The Fate of the Players
In the camp, the FC Start players struggled to survive in their different ways.
One, Pavel Komarov, was suspected of turning informant and he appears to have been allowed to escape the camp in 1943 as the Red Army returned to capture Kiev. He disappeared from view.
As for the others, in February 1943, following an attack by anti-German partisans, the camp commandant decided to shoot every third prisoner as reprisal. The entire camp was lined up in the freezing mid-winter cold. Kuzmenko, the FC Start striker and scorer from the free kick, was one of those clubbed to the ground and shot dead. Young Klimenko, who had declined the opportunity to score in the famous match, was next. He was clubbed down and shot behind the ear as he lay on the ground. Trusevich the giant goalkeeper and captain was also knocked to the ground. According to an eyewitness, he sprang back to his feet and shouted out a Communist slogan ‘Red Sport will never die!’ A German guard opened fire. Trusevitch reportedly died on his feet, wearing his goalkeeper’s jersey. The bodies of the three players, along with those of all the other murdered prisoners, were taken to Babi Yar and thrown into the ravine.
Three of the other players, Goncharenko, Tyutchev and Sviridovsky, who, fortunately, were in a work squad in the city, were shocked when the news filtered through. They guessed that, because of their profile as FC Start players, it might be their turn next. All three quickly made the decision to escape and they stayed hidden in the city until Kiev was liberated from German occupation in November 1943.

Goncharenko and Sviridovsky in front of the Memorial reminding the Heroes of the FC Start Team

Not that surviving the horrors of the camp at Siretz was any great relief for Goncharenko and company. As soon as Stalin re-asserted his control over occupied parts of the Soviet Union, those who had come into contact with the Germans were rigorously interrogated by the newly-formed MVD (successor to the NKVD). The Stalinist version of totalitarianism was back.
Finally, of the Lokomotiv players who joined the FC Start team for the Game of Death, nothing is known. They disappeared completely in the wartime chaos.
Questions about myth and history
There are at least three sets of questions that need to be answered about this story.
The first question is about the story as a long-lasting myth. Maybe there are some signposts in the next paragraph or two.
The Game of Death story became an ‘unofficial’ myth in the immediate post-war years, and, as is often the case, the myth was not the same as reality. As recently as 1997, in his book Football in Sun and Shadow, Uruguayan journalist Eduardo Galeano told the mythic story as follows:
During the German occupation they (Dynamo Kiev) committed the insane act of defeating Hitler’s squad in the local stadium.
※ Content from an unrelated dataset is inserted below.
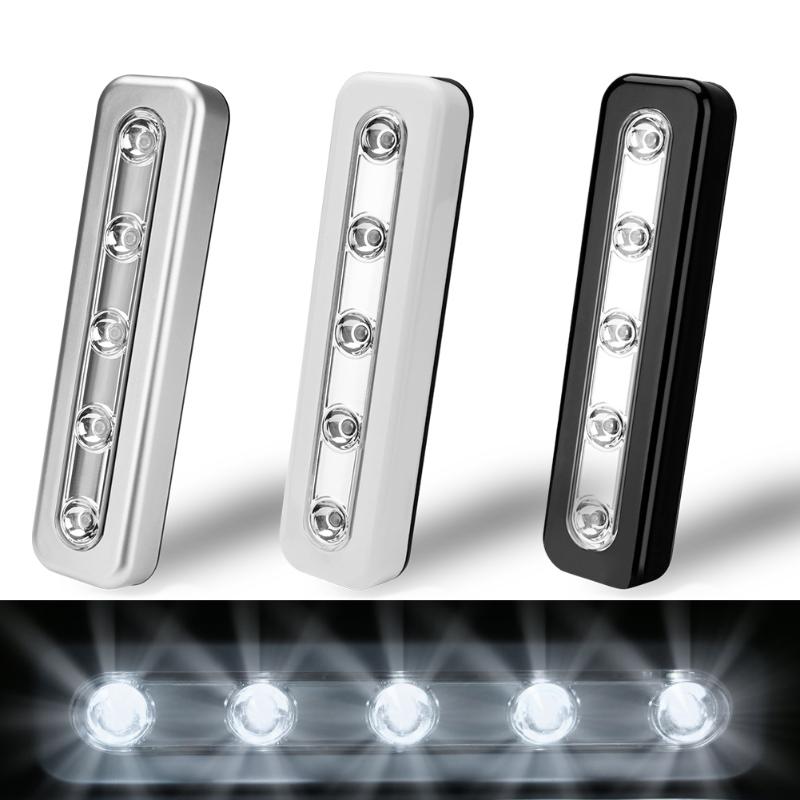 

Night Lights 5 LEDs Light Portable Closet Battery Powered Wireless Cabinet Wall Lamp Sticky Tapes On/Off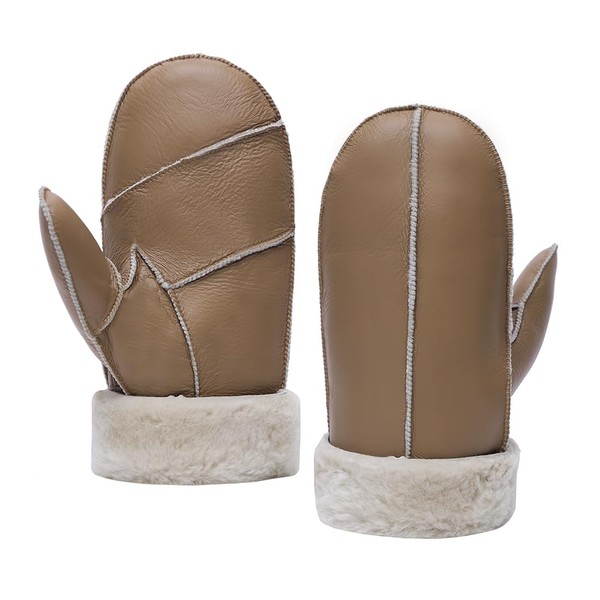 MGGMOKAY Men's Lambskin Shearling Mittens Warm Leather Gloves, Camel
Having been warned, ‘If you win, you die.’ they started out resigned to losing, trembling with fear and hunger, but in the end they could not resist the temptation of dignity. When the game was over all eleven were shot with their shirts on at the edge of a cliff.
Galeano’s version is one believed by many and is a variation of the unofficial myth that came out of the events in Kiev. The question here is how come the myth lasted so long?
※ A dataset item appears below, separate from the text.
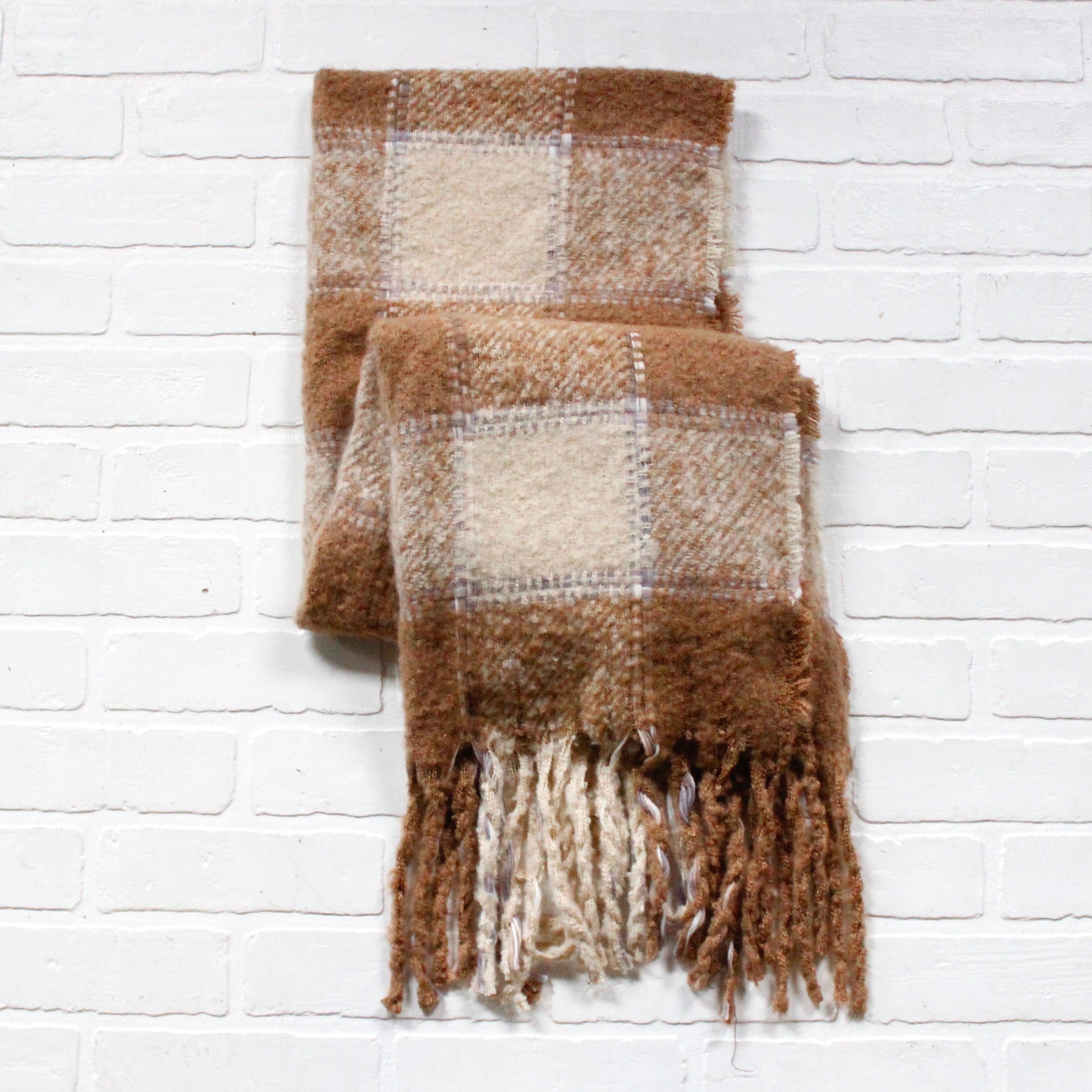 Tan Buffalo Plaid Scarf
At first the Soviet authorities had recognised no myth about FC Start. This was in spite of the apparent heroism of the players in 1942 and despite the Ukrainian view of the important part FC Start had played in maintaining morale amongst local people under Nazi occupation. The post-war Stalinist Minister of Sport in Ukraine, Timofei Strokach, suppressed the story. In the Soviet Union, only state-sponsored acts of heroism were supported. For the Stalinist authorities, FC Start’s defiance of the Nazis was a problem on three counts. First, the footballers had actually agreed to play in the Nazi-organised league – possible collaboration. Second, their decision to beat the Germans was a spontaneous act and not approved by the Communist Party of the Soviet Union – this kind of individualism was a bourgeois tendency. Third, they were Ukrainians.
It was not until several years after Stalin’s death, in a 1959 Ukrainian book titled The Final Duel, that official recognition of FC Start’s heroic act was granted. The book recounted the story of the traumatic victory and the shootings at Babi Yar. According to British author Andy Dougan, a Soviet journalist then (in 1959) showed some (individualistic) initiative in discovering that the three ‘heroic’ FC Start players had been shot, not at Babi Yar immediately after the game but several months later. Because that new detail did not fit the new Soviet-approved myth of immediate, post-game revenge by the Germans, his ‘real’ story was dismissed at the time. The myth persisted.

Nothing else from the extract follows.